No hay día en que uno entre a una red social y no se encuentre con una reyerta entre dos bandos.

Thierry Ways
¿En qué momento redujimos la cosa pública, la res publica de la que hablaban los romanos, a una pelea de niños en la hora del recreo, a una escaramuza de tuits y memes arrojados como proyectiles sobre la gallada contraria?

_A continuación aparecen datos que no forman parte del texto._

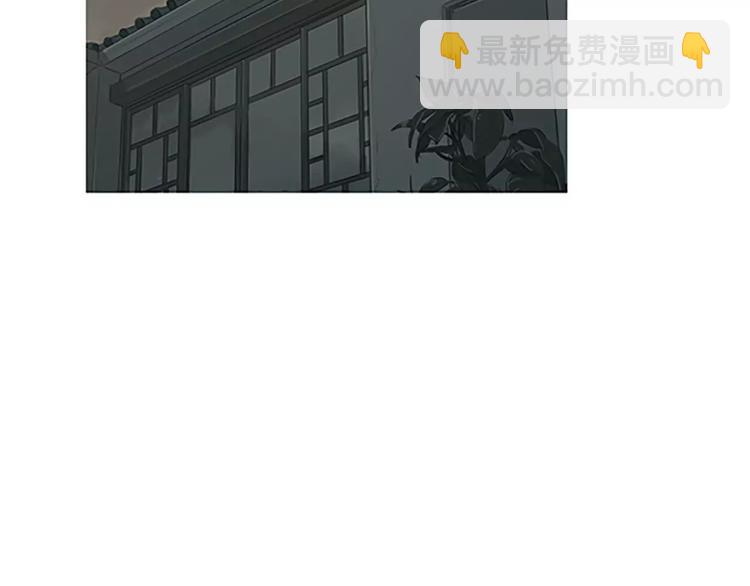 第3话 饥饿从想念开始109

Viví de cerca el despegue de la web y el internet en los años noventa, y recuerdo la emoción de aquellos primeros amaneceres sobre la aldea global. Más que tecnológico, el entusiasmo que sentíamos era político y cultural. Por medio de las redes electrónicas, creíamos entonces, la democracia alcanzaría su culmen. Todas las personas, hasta en las regiones más periféricas y olvidadas, podrían participar en los grandes debates de la sociedad. La voz de las minorías finalmente sería escuchada. Las masas, adormecidas por la cultura del entretenimiento y las opiáceas consolaciones del consumismo, despertarían. Grandes transformaciones se avecinaban.

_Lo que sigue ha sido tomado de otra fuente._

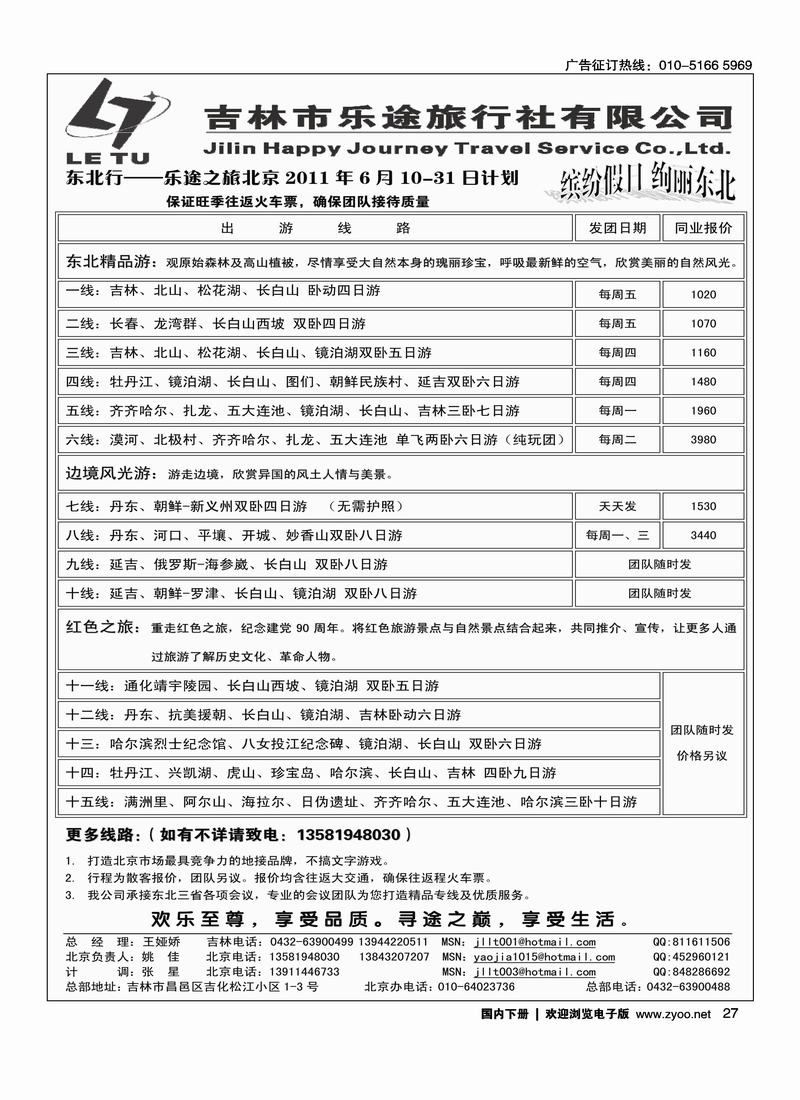 吉林乐途旅行社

Pero algo salió mal. Un cuarto de siglo después, las masas y las minorías están conectadas a la red, como anticipábamos. Pero no hemos usado la red para despertar políticamente, sino para entregarnos a nuevas formas de entretenimiento, tan cloroformizantes como las anteriores. Hubo –sí– indicios iniciales de que la red permitiría a ciudadanos organizarse de formas nuevas y eficientes, lo que ha propiciado algunas transformaciones sociales. Pero su impacto más notorio, al día de hoy, ha sido convertir el debate público en una ruidosa guerra de comida entre críos maleducados.

Cuando veo las batallas de etiquetas en redes sociales, pienso en vociferaciones tribales de guerreros primitivos, de cara pintada, lanza y taparrabo.

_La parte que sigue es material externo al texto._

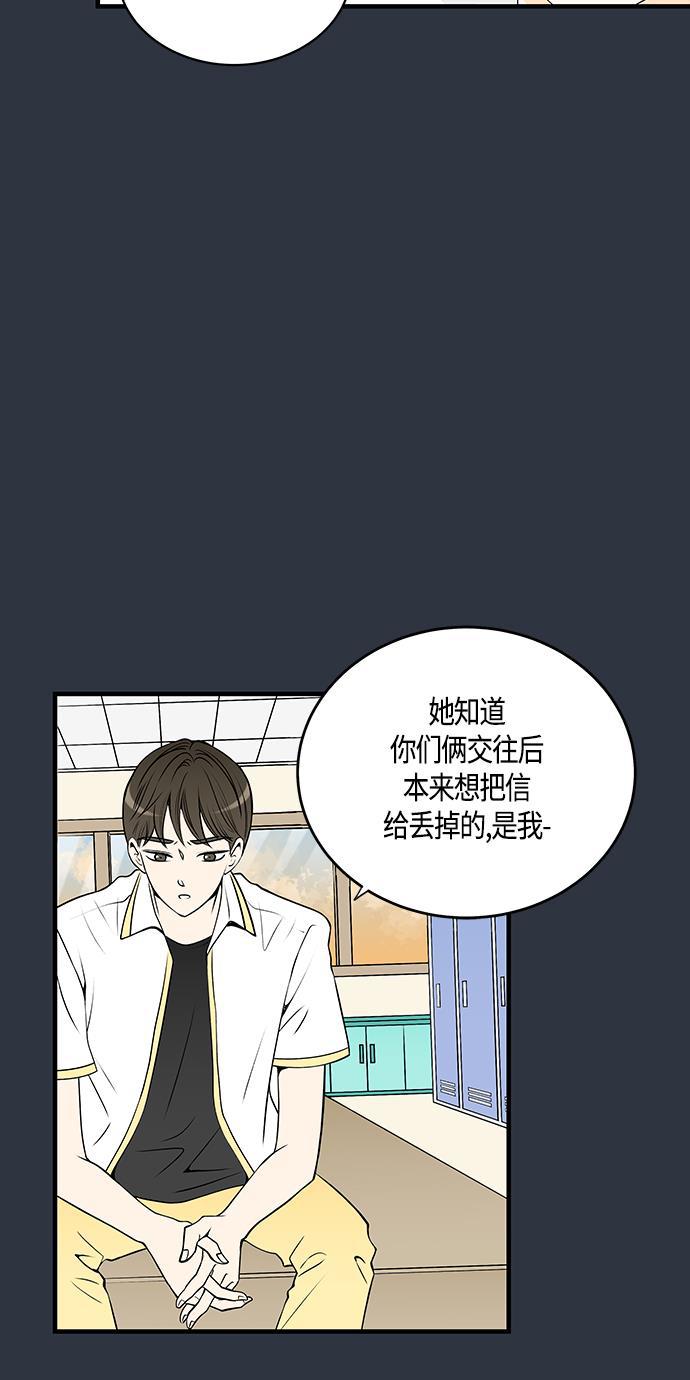 天鹅绒之吻漫画韩漫全集-第27话无删减无遮挡章节图片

No hay día en que uno entre a una red social como Twitter y no se encuentre con una reyerta entre dos bandos. El enfrentamiento comienza cuando alguien, o algún colectivo, decide crear una etiqueta (o hashtag, en inglés) para defender una causa o persona, o para atacarla. Si la causa es, digamos, la reivindicación del pirulí, los del partido del pirulí enarbolarán espadas como #SíAlPirulí, #LeCreoAlPirulí y #JeSuisPirulí. Acto seguido, y sin falta, el bando opuesto responderá con el antihashtag o la contraetiqueta correspondiente: #AbajoElPirulí, #NoAlPirulí, #ElPirulíMiente, etc. Mientras tanto, uno, que intenta portarse como un adulto en este mundo infantilizado y a quien, por demás, el pirulí le importa un comino, tiene que soportar el desconsolador espectáculo.
No he logrado entender cuál es el propósito de estos ejercicios bélico-infantiles. ¿Ganar la batalla de los hash-tags? ¿Tener el mayor número de likes o retuits? Y si de eso es de lo que se trata, pregunto: ¿para qué? Ojalá algún experto en estrategia política me lo explicara. ¿De qué sirve ganar la guerra de las etiquetas? ¿Qué se logra con eso? ¿Acaso convencemos a alguien de cambiar de opinión? ¿O es mera vanidad y engreimiento, como una modalidad virtual, posmoderna y descentralizada de medirse el pipí? Y, sobre todo, ¿cómo se traducen los ‘me gusta’ y los retuits en cambio social verdadero, sobre el terreno, entre seres humanos de carne y hueso?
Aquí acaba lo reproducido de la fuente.